As fotos revelam o quanto autoestima e dignidade andam juntas e que a reconstrução da própria imagem é necessária para um processo de cura e fortalecimento dessas mulheres. “Tive um sentimento de liberdade, de valorização e isso me deu um grande empoderamento”, relata Berenita dos Santos, do Quilombo Ganga Zumba (AL).
“Enquanto mulheres negras, agricultoras, quilombolas, esposas, mães, avós, lideranças, que têm o dia a dia cheio de tarefas e ocupações, não conseguimos ver realmente quem somos, como somos. [O ensaio] foi um momento muito rico, valioso, porque conseguimos nos ver de outra forma, ver que somos capazes, mesmo que através de imagens”.

E imagem também é poder, também comunica. Como apontado pelo sociólogo e jornalista Muniz Sodré em seus estudos, muitos esteriótipos racistas que foram perpetuados ao longo dos anos são consequência da forma como a mídia representou os corpos negros.
“Quando vemos nossas histórias contadas através de lentes que valorizam nossa essência, conseguimos romper com estereótipos que muitas vezes nos excluem. As imagens falam sobre nossas vivências, clamores por justiça e sorrisos que, apesar das adversidades, continuam a brilhar!”, celebra Kátia Penha, do Quilombo Divino Espírito Santo (ES).
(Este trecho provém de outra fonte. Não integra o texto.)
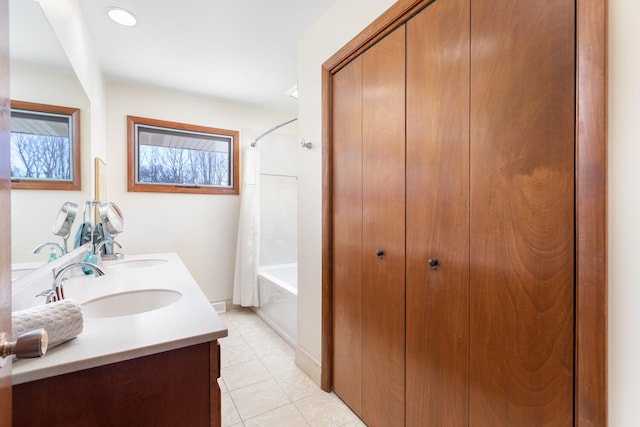 bathroom featuring a sink, shower / bath combination with curtain, double vanity, and tile patterned flooring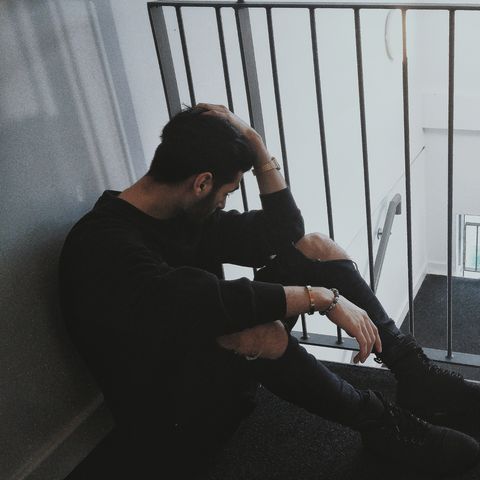 Full Length Of Depressed Man Sitting By Railing In Building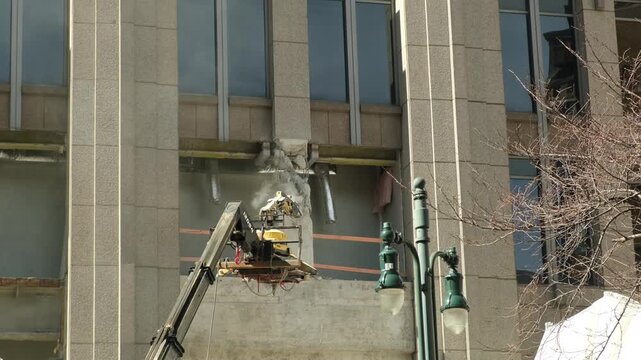 construction workers remove a section of a building in a city during the day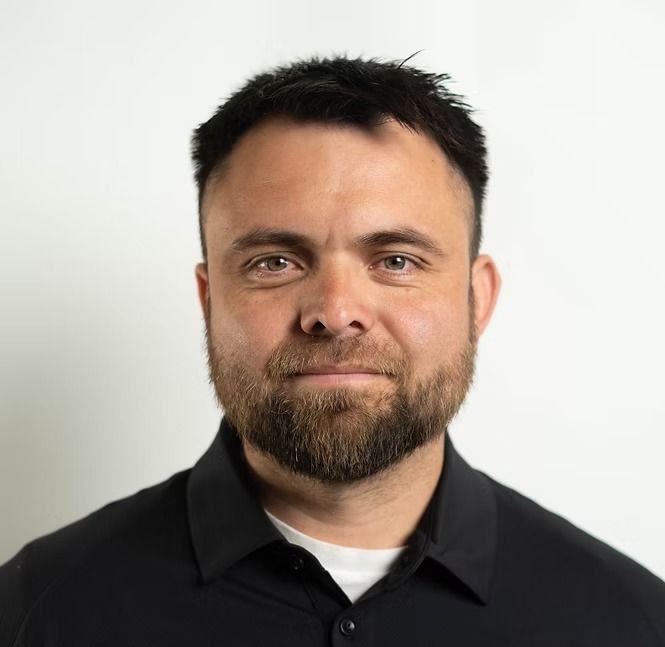 A man with a beard is wearing a black shirt and looking at the camera.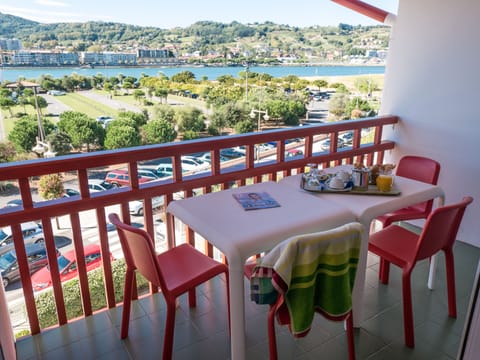 Eat breakfast with your loved ones on your private balcony, watching the sea.
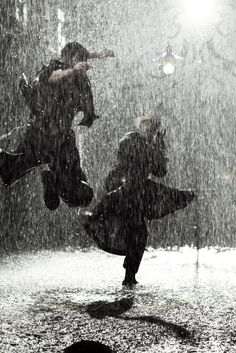 two people jumping in the air on a rainy day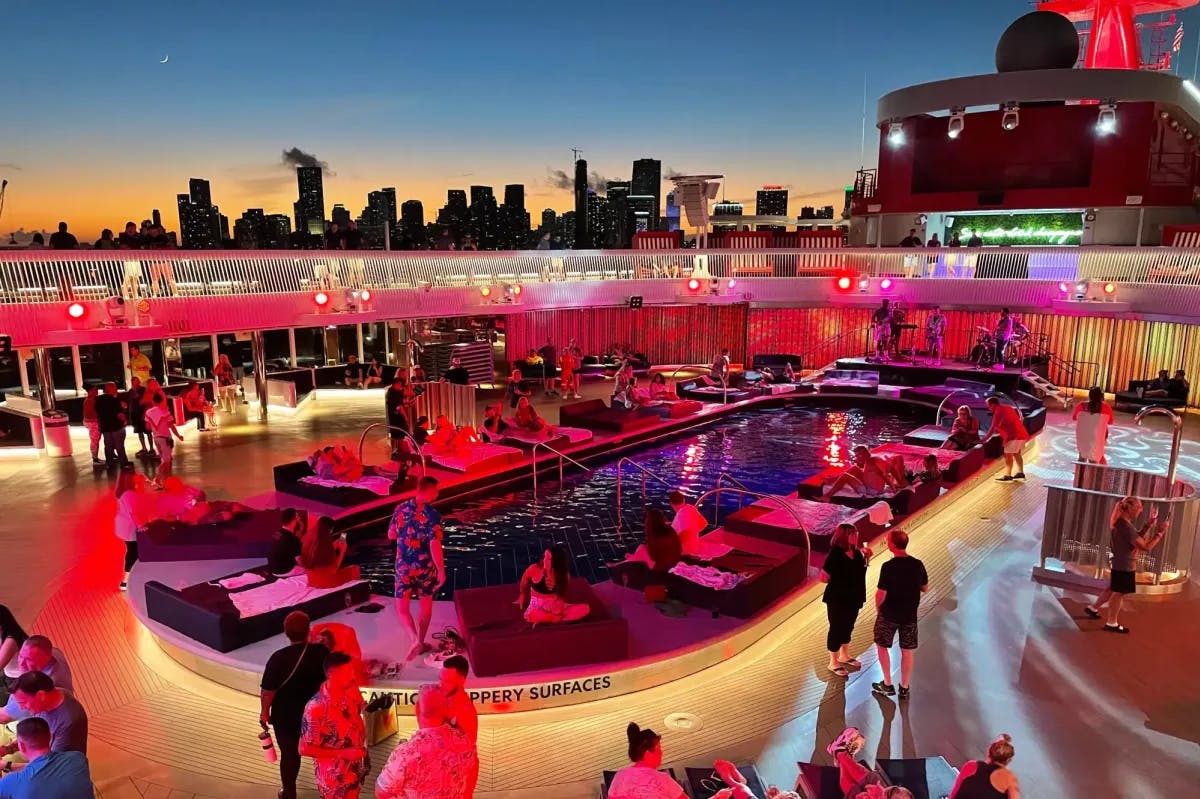 Pink-neon-lit pool deck on a Virgin Voyages cruise that's docked along an urban skyline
“Através dessas representações, somos convidadas a expressar não apenas nossa beleza externa, mas também nossas histórias internas, as lutas diárias, os amores que nos fortalecem e as dores que nos moldam. Cada olhar profundo nas fotografias carrega um universo de significados, um testemunho da nossa trajetória e da riqueza de nossas identidades”.
“Pra mim foi muito importante esse momento, porque a gente se vê, e na medida que a gente se vê, a gente passa a se amar, a se valorizar, a conhecer de fato a nossa beleza. A gente consegue deixar nossa marca registrada”, reforça Maria Rosalina, do Quilombo Tapuio (PI).
Beleza quilombola
A força simbólica de uma imagem bem construída não está apenas na estética. Para muitas delas é também sobre coletividade, memória e ancestralidade. “Cada mulher preta é um quilombo”, como escreveu Selma Dealdina, no livro Mulheres Quilombolas: Territórios de Existências Negras Femininas.
Para Fabiana Vencezlau, do Quilombo Conceição das Crioulas, por exemplo, o mais impactante é poder representar sua comunidade.
“Antes da minha imagem, a imagem do quilombo, porque eu só sou o que sou, graças ao quilombo. A gente não conta só a nossa história. Quando a gente vai, a gente não vai sozinho, a gente vai com todas as nossas representatividades, não só as físicas, mas também as representatividades ancestrais, que sempre nos acompanham e que nos guiam aonde quer que a gente vá”.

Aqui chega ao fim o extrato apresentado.